**Supplied data**
+++

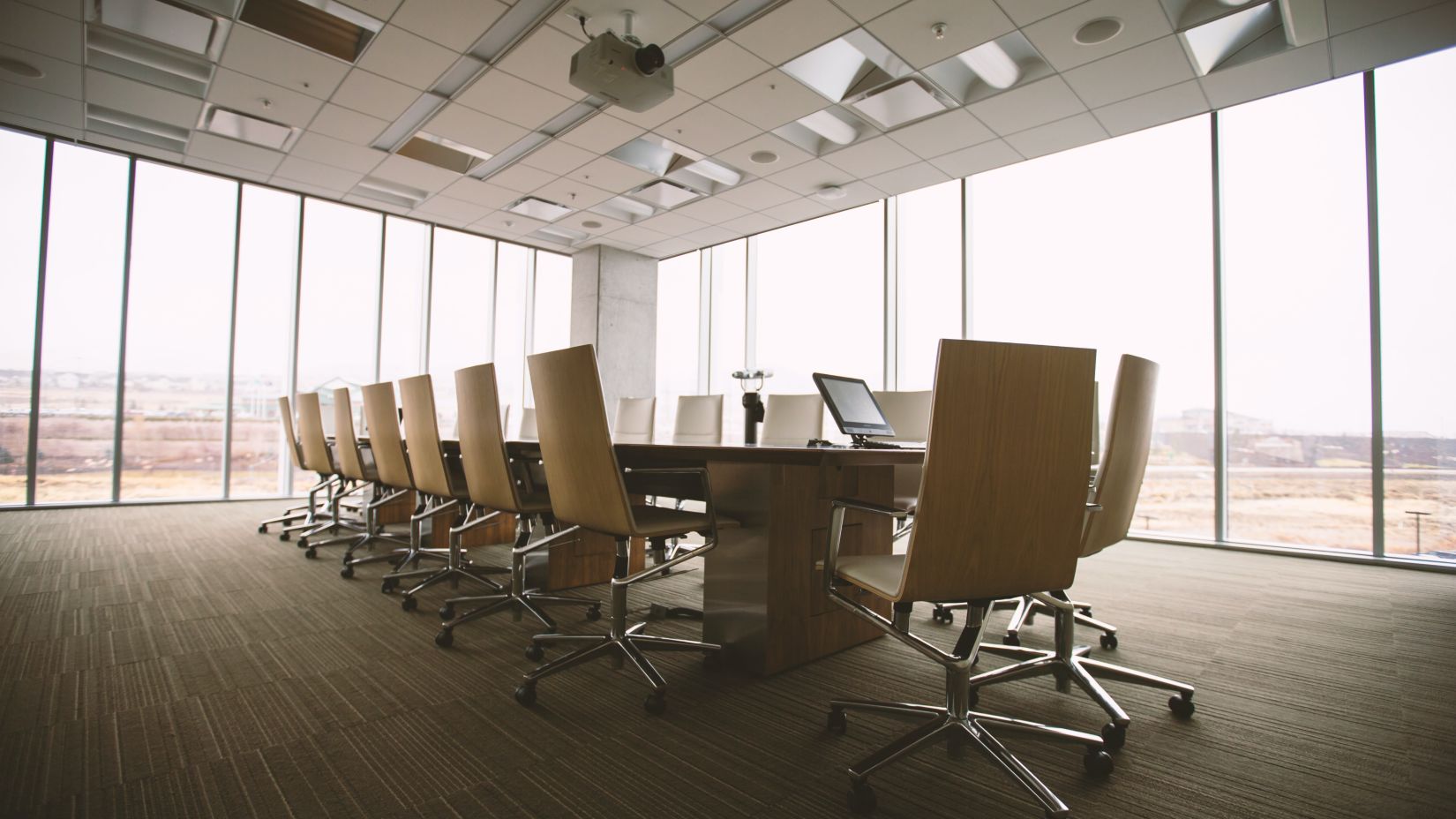 A rectangle shaped table with chairs under with floor to ceiling windows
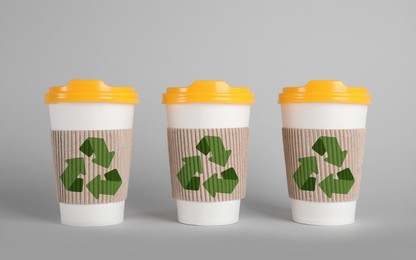 Carton cups with recycling symbols on grey background
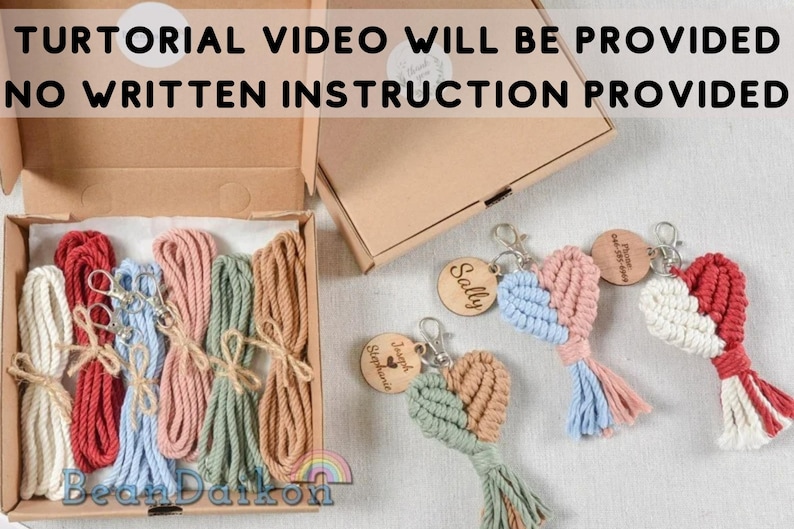 May include: A kit for making macrame heart keychains. The kit includes five spools of colorful string, five metal key rings, and five wooden tags with names. The kit is packaged in a brown cardboard box.  The text "TUTORIAL VIDEO WILL BE PROVIDED NO WRITTEN INSTRUCTION PROVIDED" is printed on the box.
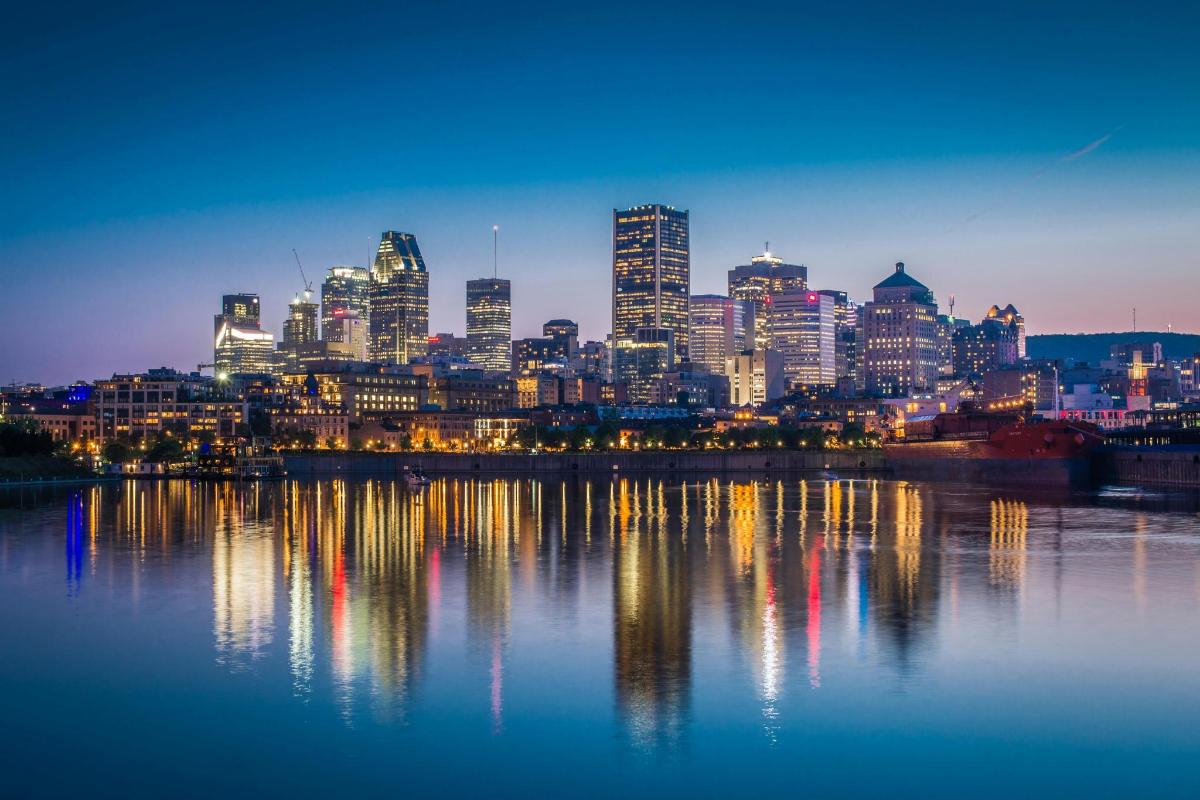 a view of a city at night from the water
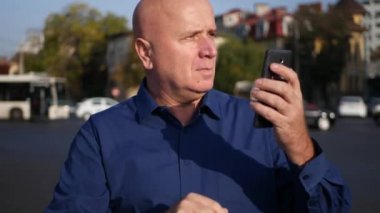 Adam görüntü bir Cellphone metin okuma ve sokak etrafında hayal kırıklığına bakıyordu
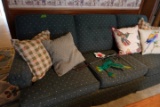 GREEN UPHOLSTERED SOFA WITH PILLOWS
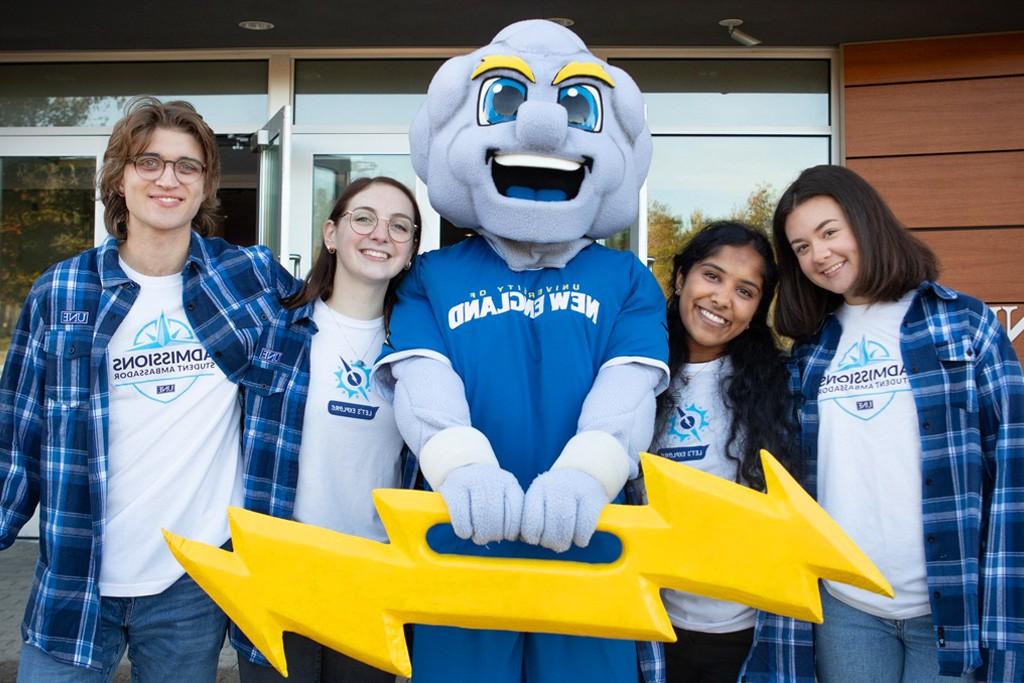 A group of four students wearing matching blue plaid flannels stand around Stormin' Norman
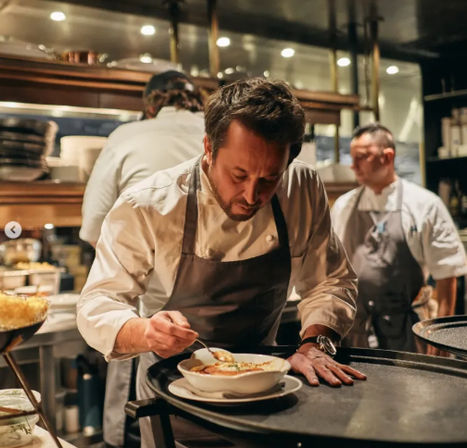 Chef in an open-kitchen restaurant carefully garnishing a bowl of soup on the pass, wearing a white jacket and apron during service.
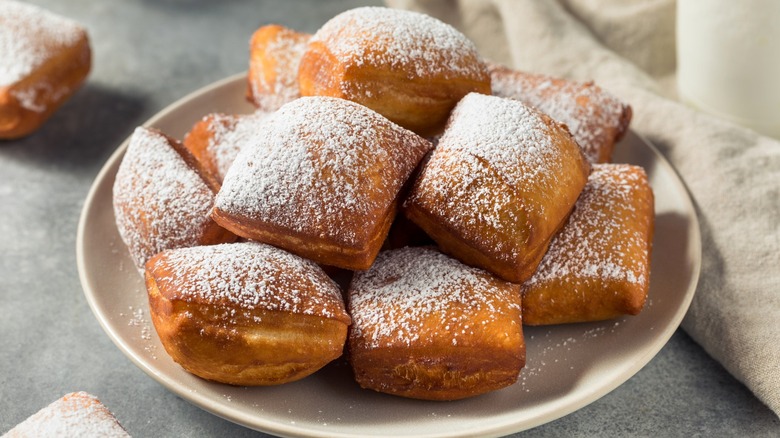 Beignets on white plate topped with powdered sugar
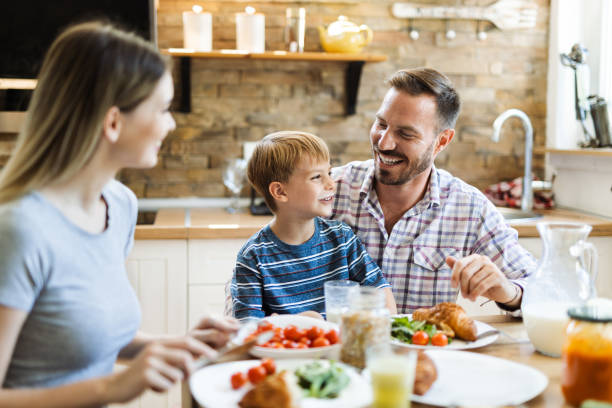 istock Happy family having fun during breakfast time  in the kitchen 1411849047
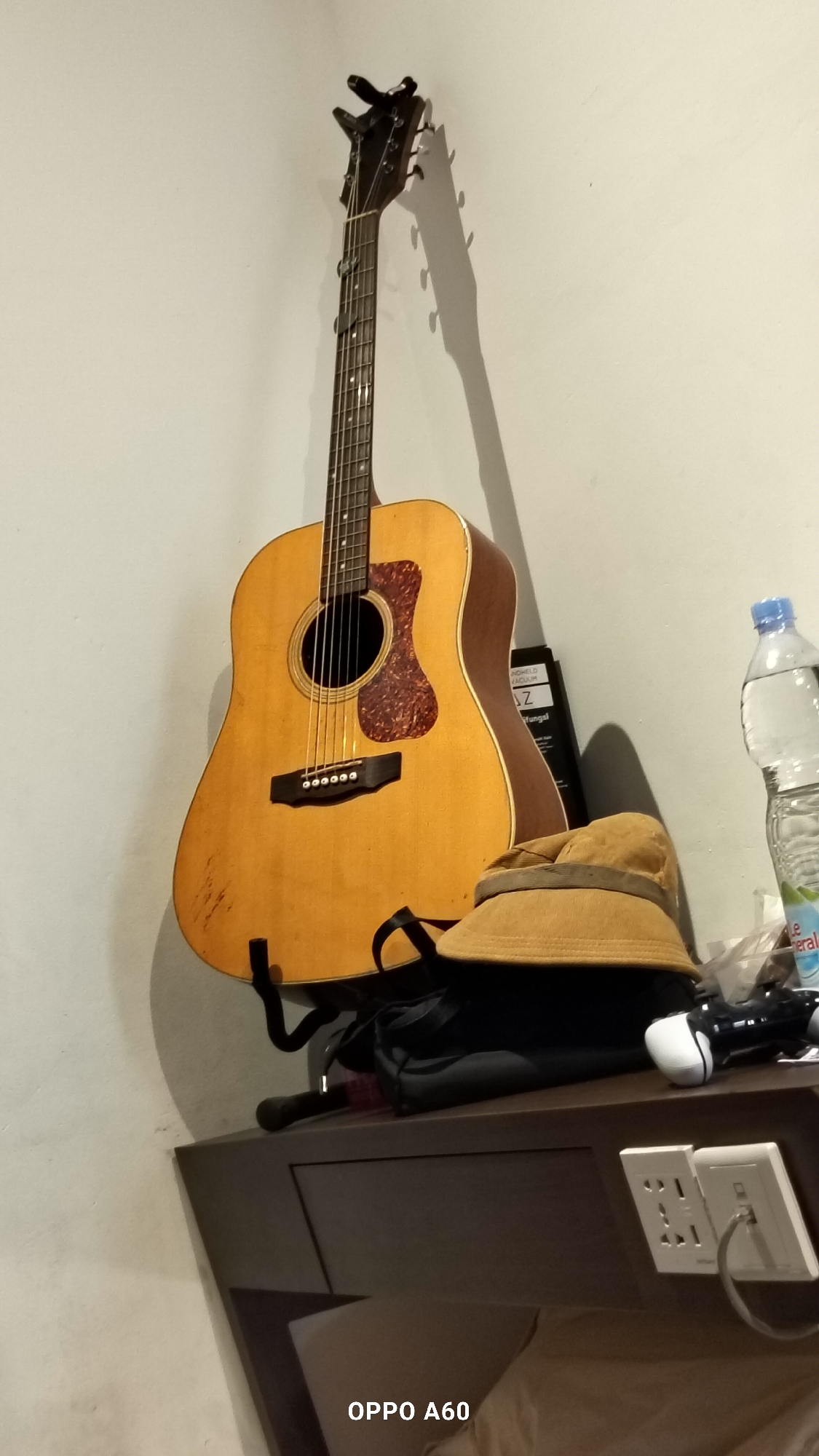 An acoustic guitar is displayed on a wall mount. Below the guitar, on a dark brown surface, are a brown bucket hat, a black bag, a white and black video game controller, and a clear plastic bottle of water. The wall is painted a light, neutral color. Electrical outlets are visible on the right side of the frame, with a cable plugged into one of them. The scene appears to be indoors, likely in a residential or hotel room. The image is tagged with "OPPO A60" which suggests the device used to capture the photograph. The overall impression is of a personal space with musical and electronic equipment. The location is specified as North Kuta, Indonesia.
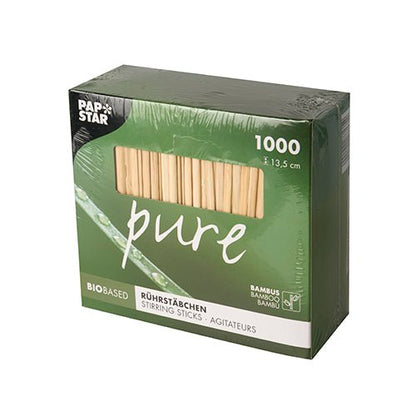 En grön låda med texten 'pure' innehåller 1000 PAPSTAR bambus omrörningspinnar (13,5 cm, biologiskt nedbrytbara). Uppe till vänster finns logotypen för PAPSTAR GmbH; ikoner visar det miljövänliga bambusmaterialet i förpackningen.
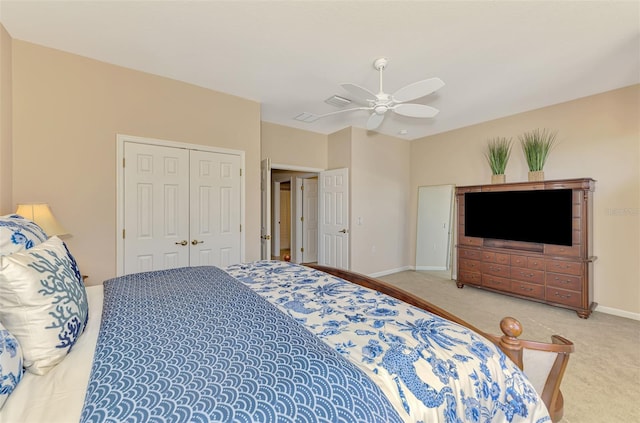 bedroom with carpet, a closet, ceiling fan, and baseboards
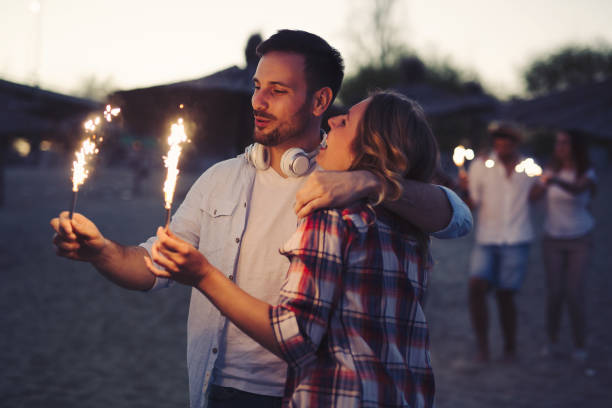 istock Group of happy friends having fun on beach at night 879696898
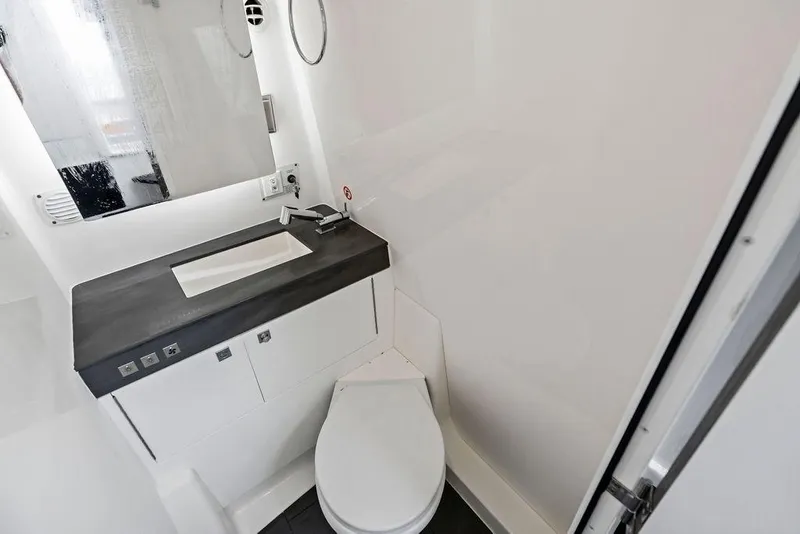 Slide: The Image of 2022 Aviara AV40 OB bathroom with modern sink and toilet design. - 23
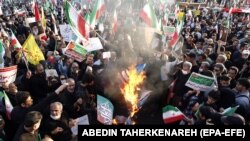 Иранцы сжигают флаги США, Израиля и Великобритании, когда тысячи проправительственных иранцев принимают участие в массовом митинге против недавних антиправительственных протестов в Иране. Тегеран. 25 сентября 2022 г.
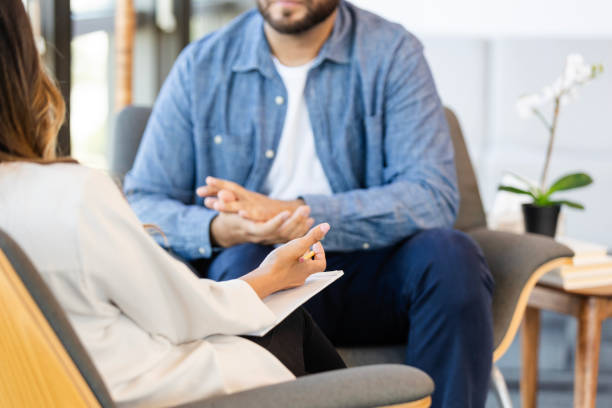 istock Therapist gives advice to unrecognizable man 2186332833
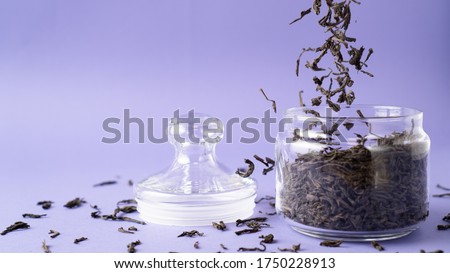 Large leaf black tea in glass jar. Flying tea leaves. Falling dried green tea leaves into bottle. Purple background. Royalty-Free Stock Photo #1750228913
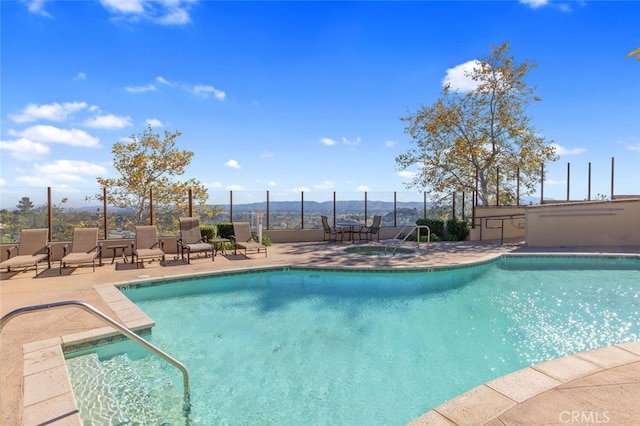 pool featuring fence, a hot tub, and a patio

+++

Each line from the one that contains "A group of four" down to the one that contains "istock Happy family" is to be returned exactly as it stands above, both ends included, with pictures removed.

**Answer space**
 A group of four students wearing matching blue plaid flannels stand around Stormin' Norman
 Chef in an open-kitchen restaurant carefully garnishing a bowl of soup on the pass, wearing a white jacket and apron during service.
 Beignets on white plate topped with powdered sugar
 istock Happy family having fun during breakfast time  in the kitchen 1411849047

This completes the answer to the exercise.